§ TASK DETAILS
Copy, exactly and without additions, every line in the records below from the one holding "For more Excel" through the one holding "You're going to", both ends included.

§ RECORDED DATA
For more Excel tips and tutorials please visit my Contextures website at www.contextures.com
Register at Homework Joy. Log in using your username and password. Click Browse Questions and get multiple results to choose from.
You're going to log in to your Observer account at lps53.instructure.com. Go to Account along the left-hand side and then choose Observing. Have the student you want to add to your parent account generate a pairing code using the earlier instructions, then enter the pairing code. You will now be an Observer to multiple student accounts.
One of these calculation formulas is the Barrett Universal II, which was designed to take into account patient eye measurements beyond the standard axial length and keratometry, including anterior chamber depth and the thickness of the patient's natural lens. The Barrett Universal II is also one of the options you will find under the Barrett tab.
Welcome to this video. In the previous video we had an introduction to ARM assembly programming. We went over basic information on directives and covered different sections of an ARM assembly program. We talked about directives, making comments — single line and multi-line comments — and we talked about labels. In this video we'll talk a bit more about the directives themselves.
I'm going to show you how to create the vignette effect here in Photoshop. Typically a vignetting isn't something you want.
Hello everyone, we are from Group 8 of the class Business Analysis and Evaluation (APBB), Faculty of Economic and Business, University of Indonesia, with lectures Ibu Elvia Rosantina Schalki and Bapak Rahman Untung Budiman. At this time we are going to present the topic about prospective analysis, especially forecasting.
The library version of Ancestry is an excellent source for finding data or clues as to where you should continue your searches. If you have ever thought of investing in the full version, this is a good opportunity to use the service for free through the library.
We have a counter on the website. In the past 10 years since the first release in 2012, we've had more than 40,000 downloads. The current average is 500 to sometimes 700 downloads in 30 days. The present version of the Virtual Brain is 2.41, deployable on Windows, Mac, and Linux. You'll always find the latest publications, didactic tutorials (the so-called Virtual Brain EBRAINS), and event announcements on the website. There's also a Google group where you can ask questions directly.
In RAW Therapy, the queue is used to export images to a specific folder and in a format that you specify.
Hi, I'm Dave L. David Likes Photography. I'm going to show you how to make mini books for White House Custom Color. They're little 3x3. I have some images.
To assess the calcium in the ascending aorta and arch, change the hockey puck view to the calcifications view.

---

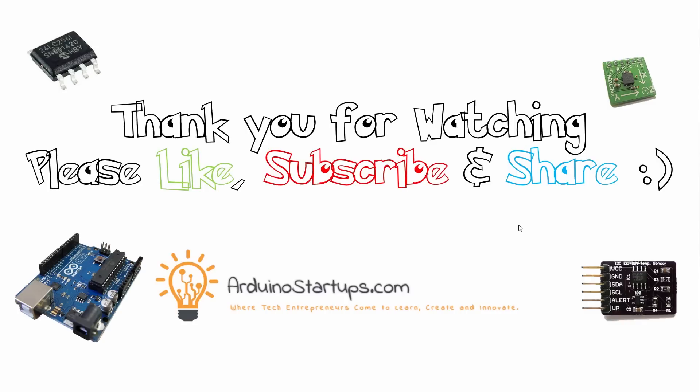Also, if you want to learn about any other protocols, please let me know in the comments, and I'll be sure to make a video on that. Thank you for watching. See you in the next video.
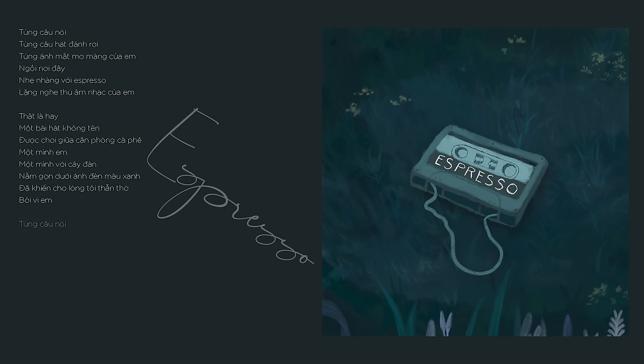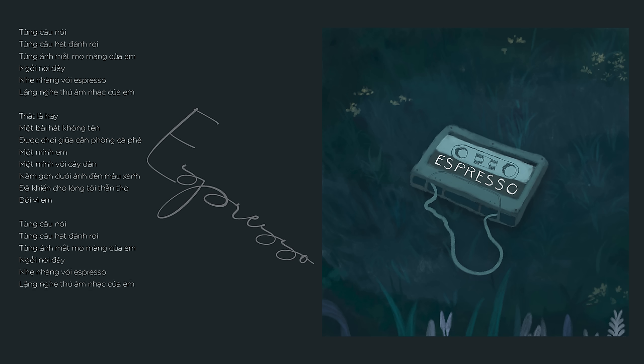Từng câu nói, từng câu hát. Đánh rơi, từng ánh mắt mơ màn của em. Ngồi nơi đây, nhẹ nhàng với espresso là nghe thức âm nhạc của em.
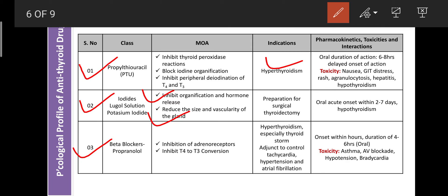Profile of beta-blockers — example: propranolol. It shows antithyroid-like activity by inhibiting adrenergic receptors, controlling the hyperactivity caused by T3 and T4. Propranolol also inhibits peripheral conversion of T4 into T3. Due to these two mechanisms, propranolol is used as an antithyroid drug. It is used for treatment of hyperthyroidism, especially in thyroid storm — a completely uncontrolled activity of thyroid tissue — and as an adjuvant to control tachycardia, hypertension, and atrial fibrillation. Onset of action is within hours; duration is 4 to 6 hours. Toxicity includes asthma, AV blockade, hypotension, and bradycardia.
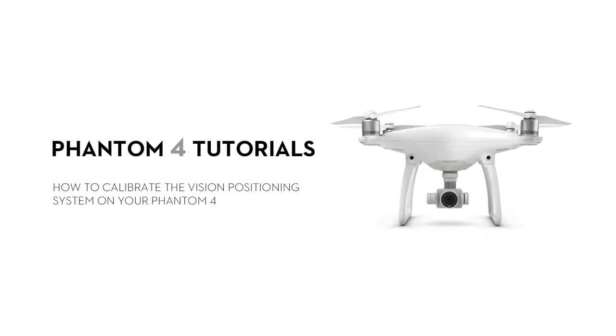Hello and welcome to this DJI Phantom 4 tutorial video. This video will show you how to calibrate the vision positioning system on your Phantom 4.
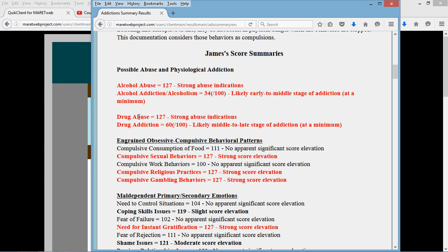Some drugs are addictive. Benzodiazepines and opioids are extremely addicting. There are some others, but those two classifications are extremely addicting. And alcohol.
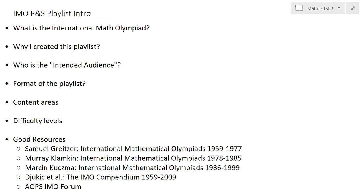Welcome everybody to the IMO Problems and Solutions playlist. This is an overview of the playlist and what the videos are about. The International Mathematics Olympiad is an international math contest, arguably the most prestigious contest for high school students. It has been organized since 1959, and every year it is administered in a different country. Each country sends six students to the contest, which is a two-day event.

--

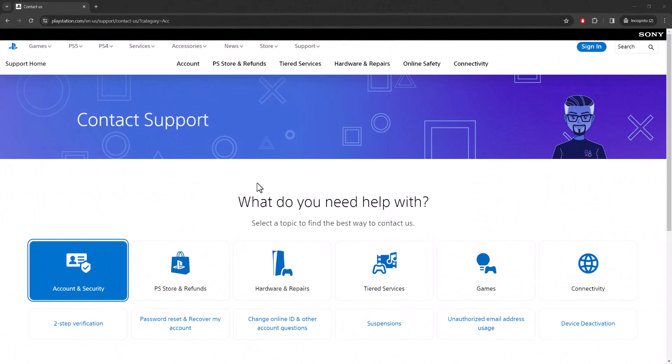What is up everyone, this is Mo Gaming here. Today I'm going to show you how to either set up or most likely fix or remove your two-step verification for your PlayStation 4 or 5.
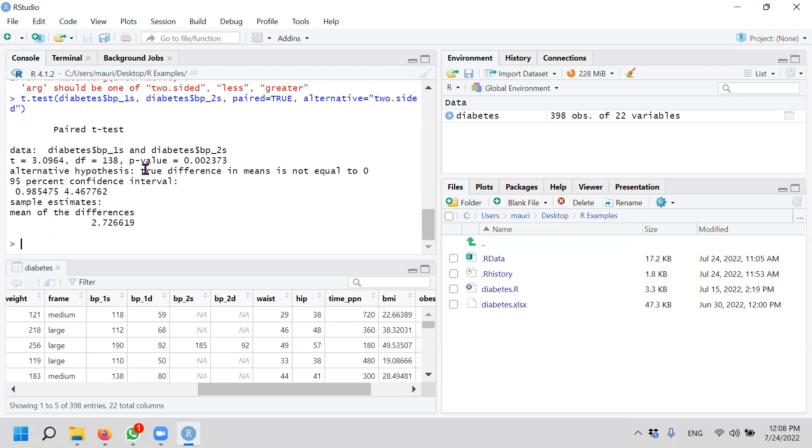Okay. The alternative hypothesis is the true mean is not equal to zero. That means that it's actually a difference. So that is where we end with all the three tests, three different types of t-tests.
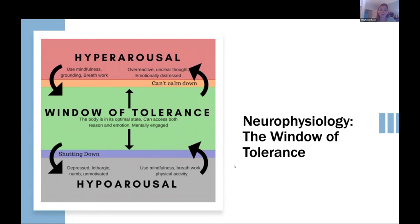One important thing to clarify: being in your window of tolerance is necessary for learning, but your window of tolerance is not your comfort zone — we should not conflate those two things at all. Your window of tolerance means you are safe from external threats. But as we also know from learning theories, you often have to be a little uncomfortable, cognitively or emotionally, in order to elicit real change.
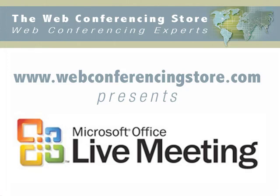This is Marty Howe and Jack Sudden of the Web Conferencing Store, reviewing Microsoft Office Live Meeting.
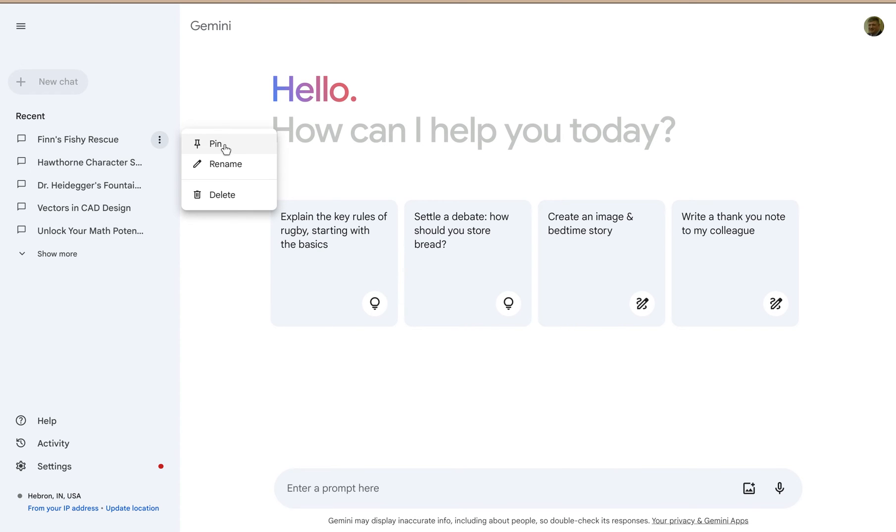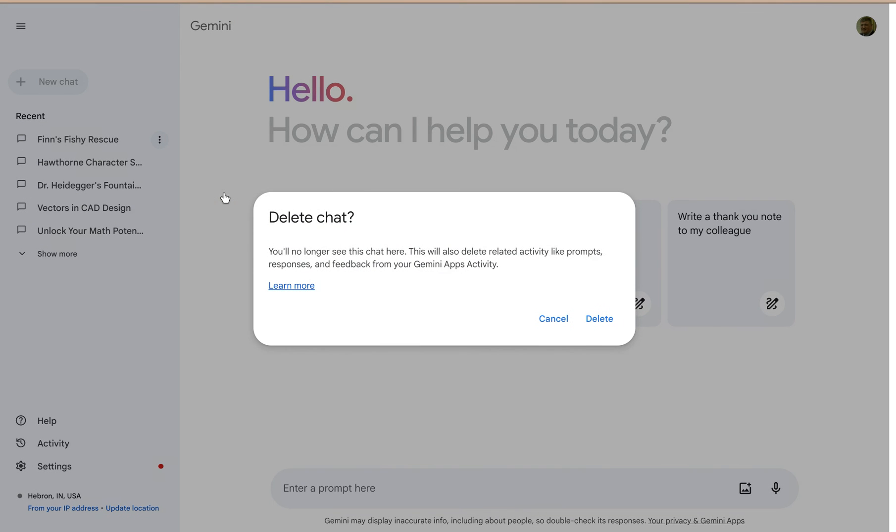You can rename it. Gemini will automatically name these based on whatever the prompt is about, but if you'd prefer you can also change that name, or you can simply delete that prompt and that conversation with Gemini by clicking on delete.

§ RESPONSE FOR THIS EXERCISE
For more Excel tips and tutorials please visit my Contextures website at www.contextures.com
Register at Homework Joy. Log in using your username and password. Click Browse Questions and get multiple results to choose from.
You're going to log in to your Observer account at lps53.instructure.com. Go to Account along the left-hand side and then choose Observing. Have the student you want to add to your parent account generate a pairing code using the earlier instructions, then enter the pairing code. You will now be an Observer to multiple student accounts.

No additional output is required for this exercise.